Denpasar (ANTARA) - Badan Pengelola Fasilitas Kawasan Suci Pura Agung (FKSPA) Besakih melarang penggunaan plastik sekali pakai dengan cara menjaring pengguna dan mengedukasinya selama upacara besar Ida Bhatara Turun Kabeh (IBTK) 2026.
“Skrining ini merupakan langkah preventif yang kami lakukan untuk memastikan Pura Agung Besakih bersih dari sampah plastik sekali pakai,” ucap Humas Badan Pengelola FKSPA Besakih I Putu Murdiana Jaya dalam keterangan Pemprov Bali di Denpasar, Selasa.
Putu Murdiana mengatakan pemantauan penggunaan plastik sekali pakai dilakukan kepada pemedek yang hendak naik melakukan persembahyangan.
Pemedek yang datang melalui Pos Manik Mas diperiksa satu per satu oleh petugas skrining untuk memastikan mereka tidak lagi membawa atau menggunakan plastik sekali pakai.
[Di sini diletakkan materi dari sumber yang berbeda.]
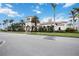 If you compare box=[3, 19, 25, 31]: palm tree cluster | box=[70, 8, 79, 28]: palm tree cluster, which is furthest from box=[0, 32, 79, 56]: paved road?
box=[70, 8, 79, 28]: palm tree cluster

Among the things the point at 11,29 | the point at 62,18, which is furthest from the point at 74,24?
the point at 11,29

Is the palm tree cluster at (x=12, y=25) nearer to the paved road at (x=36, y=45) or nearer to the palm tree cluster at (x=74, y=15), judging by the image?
the paved road at (x=36, y=45)

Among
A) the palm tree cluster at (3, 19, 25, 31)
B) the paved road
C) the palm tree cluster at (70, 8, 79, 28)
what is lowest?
the paved road

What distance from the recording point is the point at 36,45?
315 cm

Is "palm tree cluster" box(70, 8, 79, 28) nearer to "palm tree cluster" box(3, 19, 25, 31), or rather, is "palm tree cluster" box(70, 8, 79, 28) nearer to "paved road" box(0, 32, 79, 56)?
"paved road" box(0, 32, 79, 56)

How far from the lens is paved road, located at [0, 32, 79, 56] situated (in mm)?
3071


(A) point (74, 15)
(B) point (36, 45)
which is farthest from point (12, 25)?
(A) point (74, 15)

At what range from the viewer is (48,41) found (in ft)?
10.6

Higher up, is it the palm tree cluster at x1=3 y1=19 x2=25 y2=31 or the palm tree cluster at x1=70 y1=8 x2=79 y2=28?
the palm tree cluster at x1=70 y1=8 x2=79 y2=28

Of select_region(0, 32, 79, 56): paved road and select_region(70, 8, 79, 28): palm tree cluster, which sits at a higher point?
select_region(70, 8, 79, 28): palm tree cluster

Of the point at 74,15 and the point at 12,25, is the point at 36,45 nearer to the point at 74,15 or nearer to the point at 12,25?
the point at 12,25

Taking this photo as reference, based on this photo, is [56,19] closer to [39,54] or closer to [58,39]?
[58,39]

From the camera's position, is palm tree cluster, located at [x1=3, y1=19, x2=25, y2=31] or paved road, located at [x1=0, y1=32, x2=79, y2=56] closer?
paved road, located at [x1=0, y1=32, x2=79, y2=56]

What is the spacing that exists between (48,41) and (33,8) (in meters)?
0.59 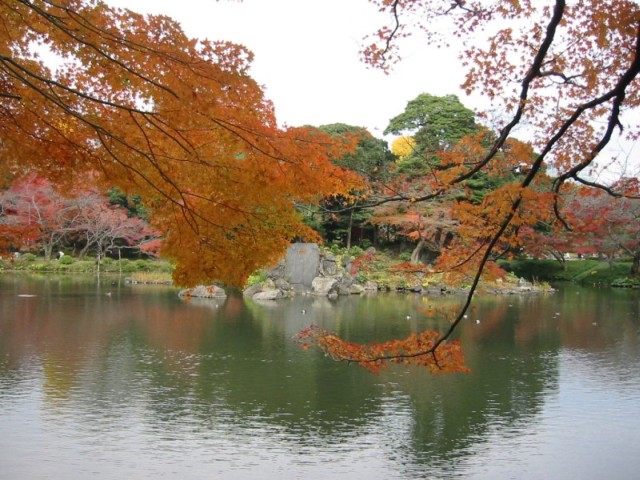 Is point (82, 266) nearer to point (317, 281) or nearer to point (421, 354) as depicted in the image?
point (317, 281)

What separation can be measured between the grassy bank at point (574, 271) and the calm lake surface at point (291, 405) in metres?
12.6

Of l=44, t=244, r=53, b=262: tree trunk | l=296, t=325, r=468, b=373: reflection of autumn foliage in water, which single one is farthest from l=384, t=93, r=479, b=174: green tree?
l=296, t=325, r=468, b=373: reflection of autumn foliage in water

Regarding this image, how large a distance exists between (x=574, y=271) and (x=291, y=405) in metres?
22.8

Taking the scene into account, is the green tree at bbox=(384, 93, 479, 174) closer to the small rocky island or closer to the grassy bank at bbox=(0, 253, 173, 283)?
the small rocky island

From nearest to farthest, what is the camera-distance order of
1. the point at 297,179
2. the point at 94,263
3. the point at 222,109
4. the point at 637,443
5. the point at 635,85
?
the point at 222,109, the point at 297,179, the point at 635,85, the point at 637,443, the point at 94,263

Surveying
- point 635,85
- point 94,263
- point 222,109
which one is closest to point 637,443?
point 635,85

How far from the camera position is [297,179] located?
3922mm

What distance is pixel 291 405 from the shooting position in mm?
6887

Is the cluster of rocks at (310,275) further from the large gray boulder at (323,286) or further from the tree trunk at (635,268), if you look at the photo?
the tree trunk at (635,268)

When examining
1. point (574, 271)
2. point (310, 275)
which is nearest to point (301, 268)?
point (310, 275)

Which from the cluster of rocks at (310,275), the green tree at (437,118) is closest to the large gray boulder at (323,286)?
the cluster of rocks at (310,275)

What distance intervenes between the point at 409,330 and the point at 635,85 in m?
7.77

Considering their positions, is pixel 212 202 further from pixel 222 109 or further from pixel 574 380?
pixel 574 380

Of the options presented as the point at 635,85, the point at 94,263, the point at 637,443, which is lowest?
the point at 637,443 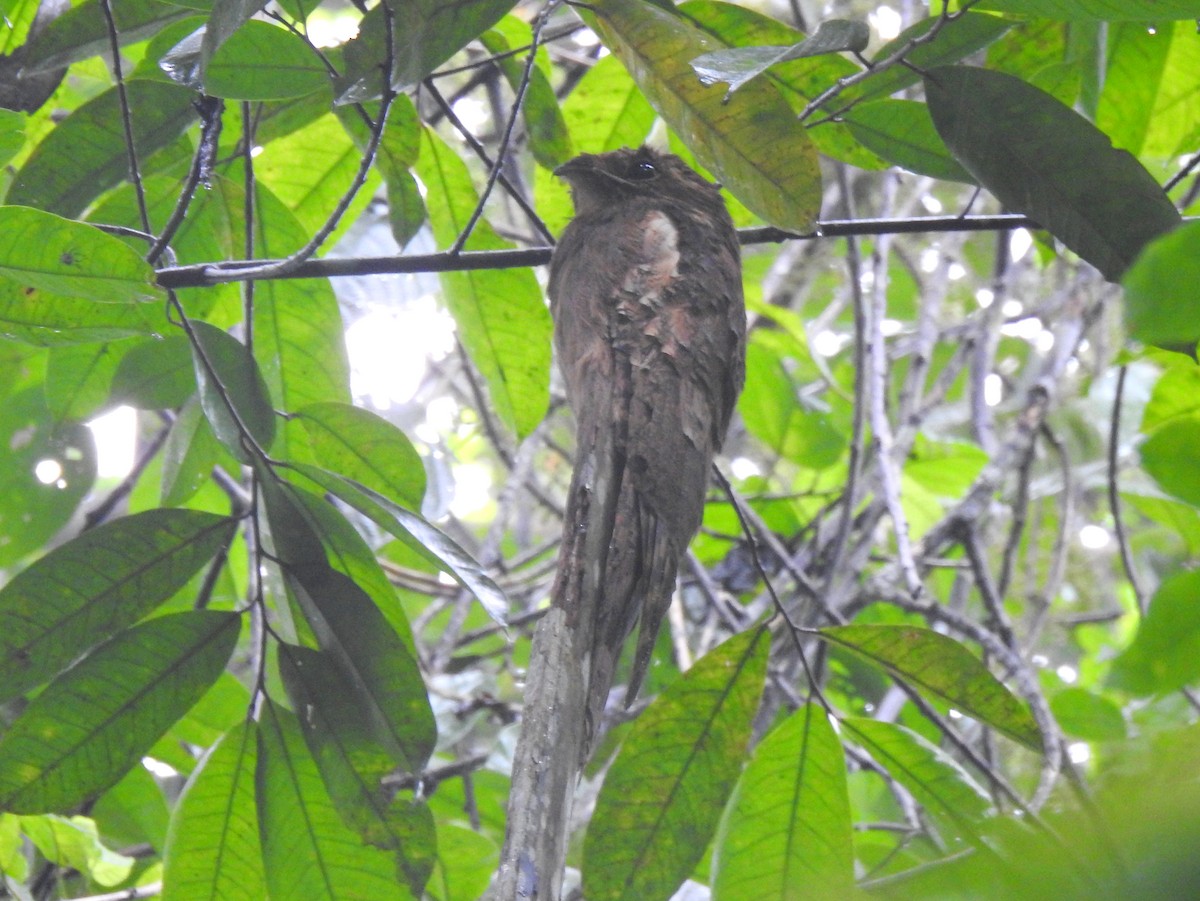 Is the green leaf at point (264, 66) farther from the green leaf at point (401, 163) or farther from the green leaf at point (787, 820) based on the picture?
the green leaf at point (787, 820)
Ini sesuai dengan Surat Edaran Gubernur Bali Nomor 97 Tahun 2018 tentang Pembatasan Timbulan Sampah Plastik Sekali Pakai.
“Jika dibandingkan dengan tahun lalu, pemedek tahun ini lebih sadar dan sangat sedikit yang membawa tas plastik sekali pakai,” ujar Putu Murdiana.
Badan Pengelola FKSPA Besakih melihat pada IBTK 2026, pemedek sudah lebih sadar dan peduli terhadap kebersihan serta kesucian Pura Agung Besakih. Namun, pihakny mengakui masih ditemukan beberapa umat Hindu yang membawa dan menggunakan tas plastik sekali pakai untuk membungkus sarana upacara yang dibawa.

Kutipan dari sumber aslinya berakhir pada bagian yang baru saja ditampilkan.